(Records from a collection)
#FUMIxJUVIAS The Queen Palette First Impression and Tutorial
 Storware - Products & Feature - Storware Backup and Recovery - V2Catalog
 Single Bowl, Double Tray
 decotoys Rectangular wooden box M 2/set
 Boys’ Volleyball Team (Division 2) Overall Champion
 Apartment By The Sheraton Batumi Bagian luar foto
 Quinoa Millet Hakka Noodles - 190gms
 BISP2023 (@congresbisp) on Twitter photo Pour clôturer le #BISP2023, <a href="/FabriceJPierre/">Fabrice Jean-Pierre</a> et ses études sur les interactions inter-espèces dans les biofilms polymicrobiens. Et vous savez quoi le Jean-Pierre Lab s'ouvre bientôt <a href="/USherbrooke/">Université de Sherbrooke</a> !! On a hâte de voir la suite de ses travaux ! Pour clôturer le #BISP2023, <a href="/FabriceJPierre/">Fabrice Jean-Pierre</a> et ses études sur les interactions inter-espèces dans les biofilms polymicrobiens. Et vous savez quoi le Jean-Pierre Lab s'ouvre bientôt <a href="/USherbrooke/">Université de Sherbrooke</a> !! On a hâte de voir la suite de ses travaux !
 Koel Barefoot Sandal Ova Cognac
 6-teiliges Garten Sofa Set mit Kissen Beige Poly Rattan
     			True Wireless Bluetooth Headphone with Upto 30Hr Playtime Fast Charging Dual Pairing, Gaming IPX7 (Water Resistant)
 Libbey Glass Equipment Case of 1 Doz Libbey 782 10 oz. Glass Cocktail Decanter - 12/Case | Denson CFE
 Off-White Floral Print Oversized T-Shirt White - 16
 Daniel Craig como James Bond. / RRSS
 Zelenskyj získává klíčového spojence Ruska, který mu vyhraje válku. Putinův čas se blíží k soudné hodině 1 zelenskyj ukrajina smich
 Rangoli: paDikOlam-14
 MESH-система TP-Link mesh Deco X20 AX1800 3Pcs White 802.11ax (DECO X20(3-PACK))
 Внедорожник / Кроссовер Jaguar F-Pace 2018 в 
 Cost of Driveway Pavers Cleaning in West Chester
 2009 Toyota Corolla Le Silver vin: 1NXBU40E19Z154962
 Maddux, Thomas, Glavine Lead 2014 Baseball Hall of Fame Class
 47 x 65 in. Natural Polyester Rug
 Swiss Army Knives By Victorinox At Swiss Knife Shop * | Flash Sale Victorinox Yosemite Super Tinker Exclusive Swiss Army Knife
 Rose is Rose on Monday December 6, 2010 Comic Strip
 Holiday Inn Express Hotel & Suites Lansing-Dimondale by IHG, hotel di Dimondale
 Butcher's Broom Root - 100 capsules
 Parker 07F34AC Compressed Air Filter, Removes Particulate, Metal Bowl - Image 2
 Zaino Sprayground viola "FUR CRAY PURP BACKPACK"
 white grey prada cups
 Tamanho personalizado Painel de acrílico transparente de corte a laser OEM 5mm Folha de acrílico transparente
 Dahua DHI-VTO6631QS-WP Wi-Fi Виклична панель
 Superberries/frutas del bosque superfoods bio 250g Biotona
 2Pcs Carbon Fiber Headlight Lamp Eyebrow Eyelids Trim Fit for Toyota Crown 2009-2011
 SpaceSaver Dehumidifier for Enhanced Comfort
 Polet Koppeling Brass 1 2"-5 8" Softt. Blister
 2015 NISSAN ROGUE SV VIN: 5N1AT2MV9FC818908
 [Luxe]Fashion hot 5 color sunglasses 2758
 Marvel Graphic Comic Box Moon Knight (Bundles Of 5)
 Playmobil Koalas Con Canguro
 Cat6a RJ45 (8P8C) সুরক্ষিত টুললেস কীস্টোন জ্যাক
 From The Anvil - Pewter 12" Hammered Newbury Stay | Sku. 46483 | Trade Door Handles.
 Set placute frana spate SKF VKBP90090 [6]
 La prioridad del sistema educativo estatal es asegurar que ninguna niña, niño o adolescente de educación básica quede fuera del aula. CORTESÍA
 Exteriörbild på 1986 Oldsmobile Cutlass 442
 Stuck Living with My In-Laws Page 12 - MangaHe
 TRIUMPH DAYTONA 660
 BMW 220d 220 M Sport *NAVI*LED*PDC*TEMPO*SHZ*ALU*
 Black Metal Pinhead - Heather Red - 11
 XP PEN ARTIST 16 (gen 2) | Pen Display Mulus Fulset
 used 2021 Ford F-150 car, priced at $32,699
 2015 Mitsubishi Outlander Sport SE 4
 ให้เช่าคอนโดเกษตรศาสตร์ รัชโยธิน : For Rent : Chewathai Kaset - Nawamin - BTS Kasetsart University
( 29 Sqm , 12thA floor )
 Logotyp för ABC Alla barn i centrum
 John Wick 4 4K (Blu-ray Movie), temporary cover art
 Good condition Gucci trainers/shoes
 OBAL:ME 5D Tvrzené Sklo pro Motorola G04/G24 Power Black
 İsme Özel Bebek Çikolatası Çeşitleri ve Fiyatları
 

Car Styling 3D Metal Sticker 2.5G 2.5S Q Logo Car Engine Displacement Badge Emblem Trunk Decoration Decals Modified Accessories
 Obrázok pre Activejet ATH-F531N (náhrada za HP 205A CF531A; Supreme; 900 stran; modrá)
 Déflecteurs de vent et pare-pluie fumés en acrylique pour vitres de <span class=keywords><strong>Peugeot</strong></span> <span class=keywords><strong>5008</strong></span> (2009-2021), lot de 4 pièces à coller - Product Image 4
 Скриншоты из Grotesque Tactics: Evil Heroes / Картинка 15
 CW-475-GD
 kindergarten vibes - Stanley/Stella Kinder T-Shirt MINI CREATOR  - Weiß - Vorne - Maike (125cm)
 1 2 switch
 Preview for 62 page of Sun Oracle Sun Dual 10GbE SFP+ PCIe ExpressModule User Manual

== What to produce ==
Look through the entries above; copy every line holding the string "Dual".

== Final answer ==
     			True Wireless Bluetooth Headphone with Upto 30Hr Playtime Fast Charging Dual Pairing, Gaming IPX7 (Water Resistant)
 Preview for 62 page of Sun Oracle Sun Dual 10GbE SFP+ PCIe ExpressModule User Manual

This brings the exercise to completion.